# Try it:
In the records below, find the line containing "Now coming to" and return it together with every later line, exactly as written; pictures are to be omitted.

Extracted data entries:
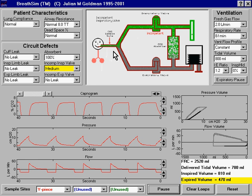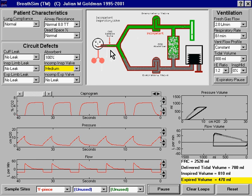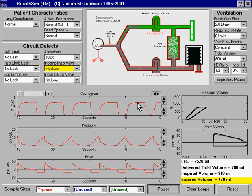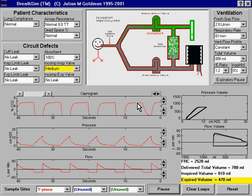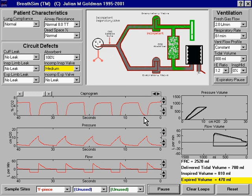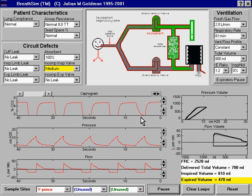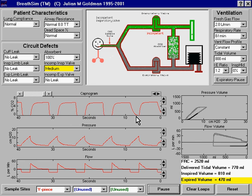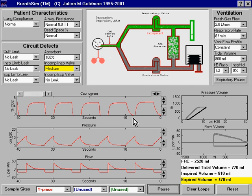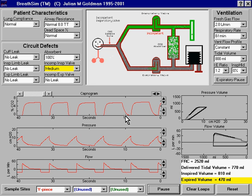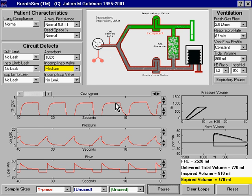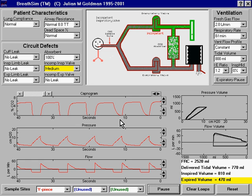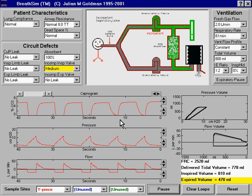The rebreathing of CO2 delays the downslope of the capnogram, because the capnogram won't drop all the way to zero until all the CO2 has been rebreathed — the CO2 that was sitting in the inspiratory limb from the previous exhalation. We can see that there is a prolonged delayed downslope on the capnogram when the inspiratory valve is incompetent.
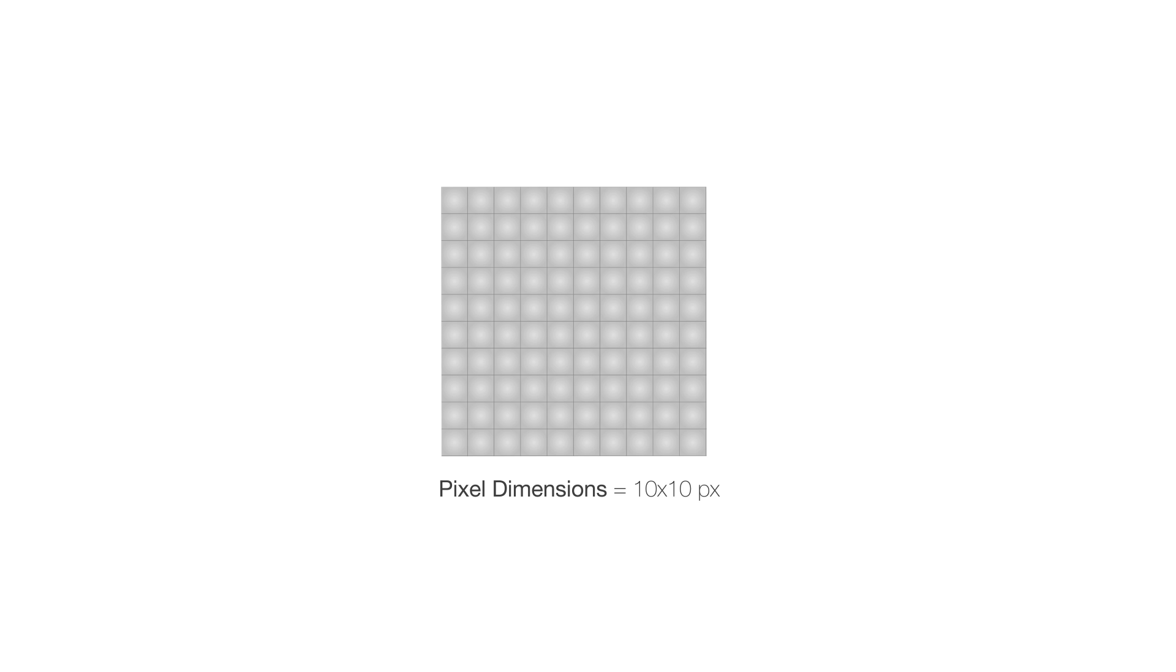This is a pixel, these are 10 pixels, and these are 100 pixels. So our image is gonna be 10 pixels wide by 10 pixels high, and these are called pixel dimensions.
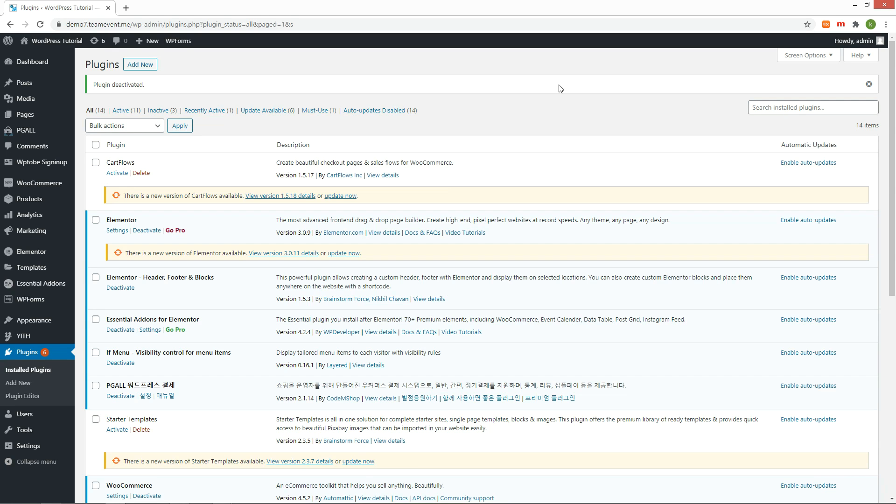Hello! Welcome to my WordPress tutorial channel. I'm going to introduce the WooCommerce checkout field editor.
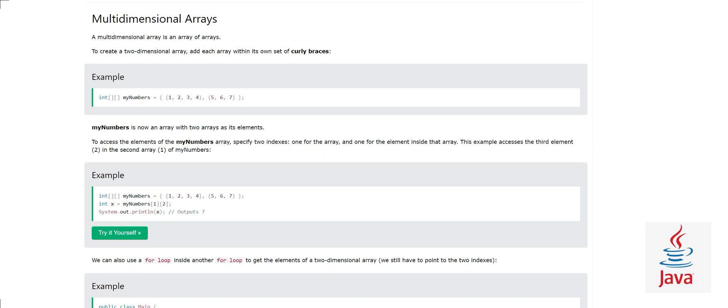Hi guys, this is Sajid and I am back with another video. Today we are going to study multi-dimensional arrays. In our last video we covered Java arrays, and if you have not seen that video just go back to it and learn what arrays are, because if you don't know arrays you won't understand this chapter.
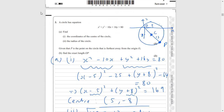So that answers the question. This question was just using completing the square to obtain the radius and centre of the circle, and then realising that the point furthest away from the origin will be on the line which passes through the centre. The line from O to P passing through the centre gives the greatest distance from the origin, which is 13 plus √89.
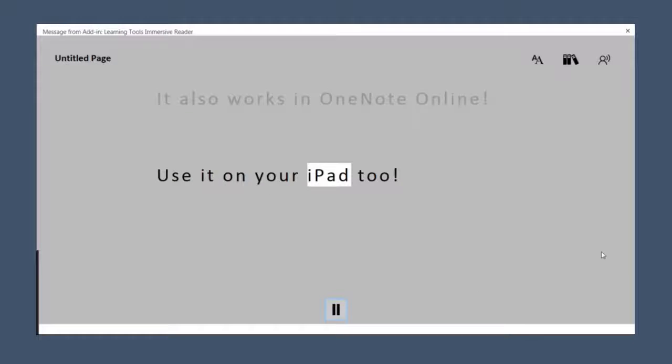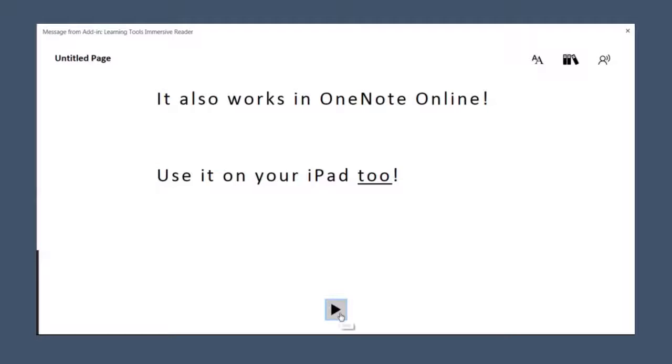Use it on your iPad too. Remember, this is just available in the online app.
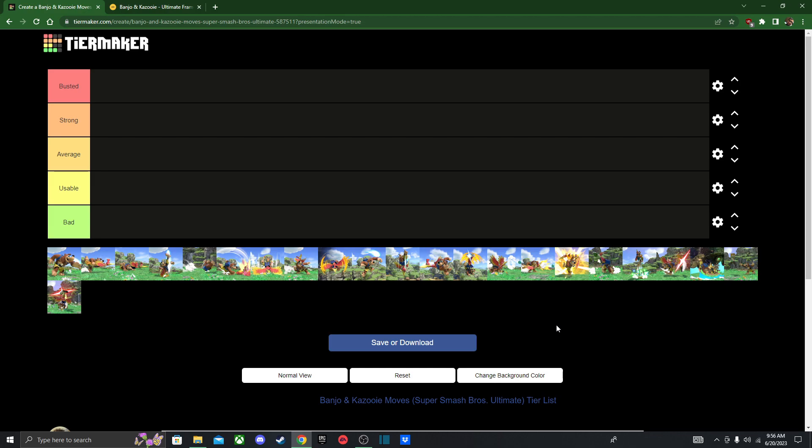Hello fellow gamers, welcome back to another Smash Bros. Moveset tier list. Today I'm gonna be doing Banjo-Kazooie who is the third fighter in the very first Fighters Pass of Smash Ultimate.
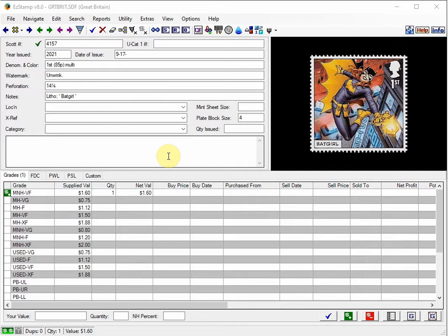These searches can be performed and saved for use anytime. Global searches allow you to work on and inventory stamps from multiple countries all in one screen.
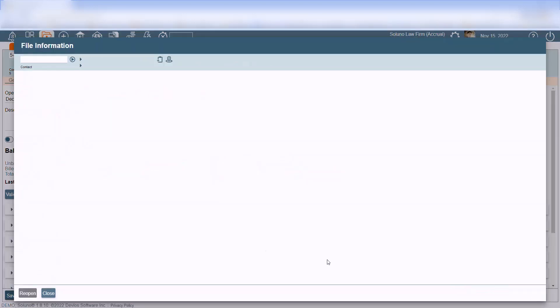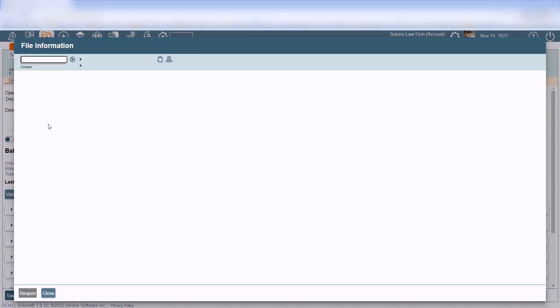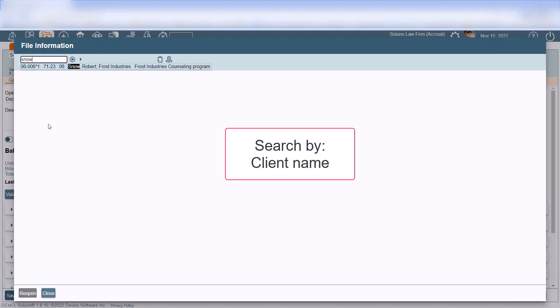On the File Information screen, find the closed file you would like to reopen. You can search by file number, file description, client name, or client number.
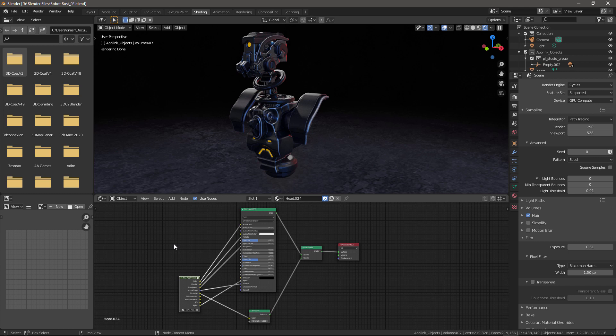We're now ready to export our model to Blender using the 3D Coat AppLink Connection plugin, which will set up all of our material nodes for us so we are ready to render straight away once we get into Blender.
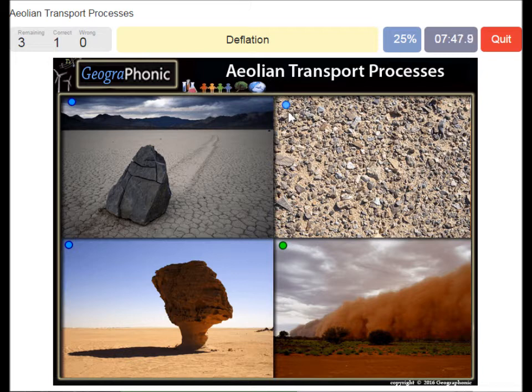Here we see deflation — a deflated area. In this case it's called desert pavement, where all the sand has blown out.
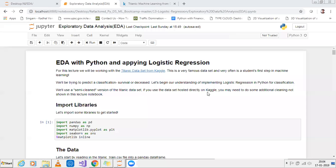Hello all. Today we will be discussing about exploratory data analysis, Python, and then we'll apply machine learning to a particular use case.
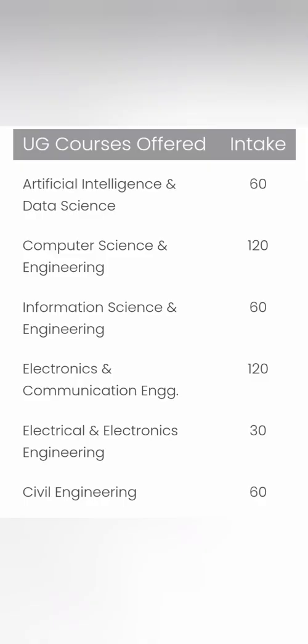Now coming to the courses. Intake is not very big - 120 computer science, 120 ECE, 60 information science, 60 artificial intelligence, 60 civil engineering, and 30 EEE. There is no mechanical engineering branch. Totally around 450 seats are available in this college. For that smaller amount of seats, the placement is quite excellent and has grown over the years.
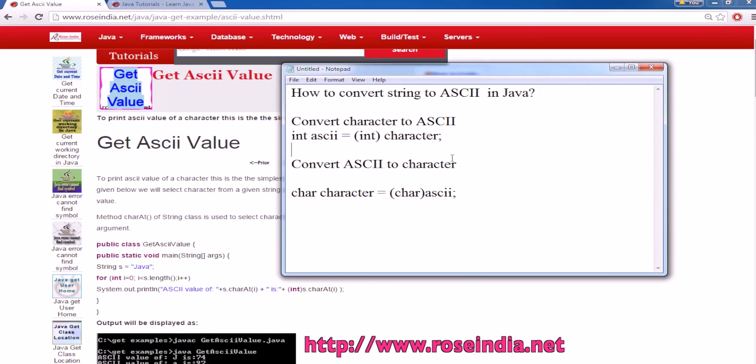How to convert a string to ASCII in Java? In this video tutorial, I will teach you how you can convert a character into ASCII value.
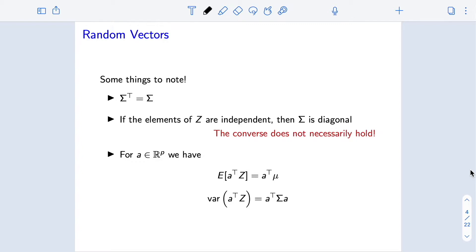A couple of important facts to note. One is that the covariance matrix sigma is symmetric — sigma transpose equals sigma — and this comes directly from the definition of sigma. Next, if the elements of our vector are independent, then the covariance matrix is diagonal. The converse is not necessarily true: if I tell you a vector z has a diagonal covariance matrix, that does not mean the elements are independent, although for Gaussians, as we'll see, it does imply that.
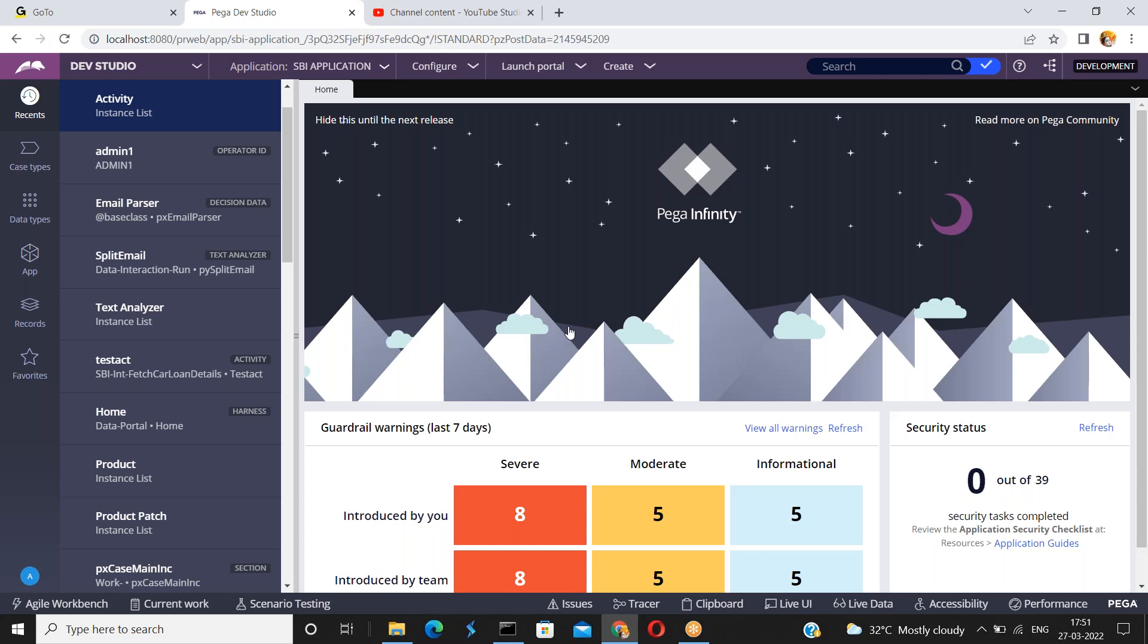Let us suppose once I log in into the Pega application after certain period of time, I mean to say if you did not perform any actions in the application, that is nothing but an idle timeout. After certain period of time, when you try to open any rule or when you try to access any feature in the application, the application will ask you to enter the credentials again because since the authentication timeout is completed, the session timeout is completed.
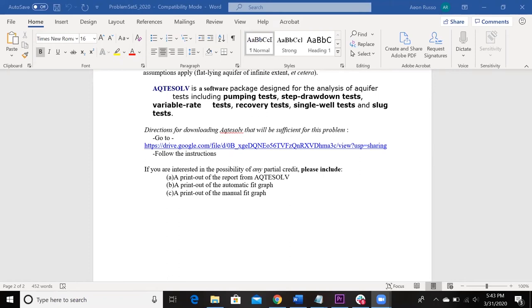Alright guys, hope everybody's doing well since the last time we talked. So, this video is to walk you guys through using the Octasolve software for Problem Set 5 as well as future Problem Sets.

# Response to this task:
Now coming to the courses. Intake is not very big - 120 computer science, 120 ECE, 60 information science, 60 artificial intelligence, 60 civil engineering, and 30 EEE. There is no mechanical engineering branch. Totally around 450 seats are available in this college. For that smaller amount of seats, the placement is quite excellent and has grown over the years.
How to convert a string to ASCII in Java? In this video tutorial, I will teach you how you can convert a character into ASCII value.
A couple of important facts to note. One is that the covariance matrix sigma is symmetric — sigma transpose equals sigma — and this comes directly from the definition of sigma. Next, if the elements of our vector are independent, then the covariance matrix is diagonal. The converse is not necessarily true: if I tell you a vector z has a diagonal covariance matrix, that does not mean the elements are independent, although for Gaussians, as we'll see, it does imply that.
Let us suppose once I log in into the Pega application after certain period of time, I mean to say if you did not perform any actions in the application, that is nothing but an idle timeout. After certain period of time, when you try to open any rule or when you try to access any feature in the application, the application will ask you to enter the credentials again because since the authentication timeout is completed, the session timeout is completed.
Alright guys, hope everybody's doing well since the last time we talked. So, this video is to walk you guys through using the Octasolve software for Problem Set 5 as well as future Problem Sets.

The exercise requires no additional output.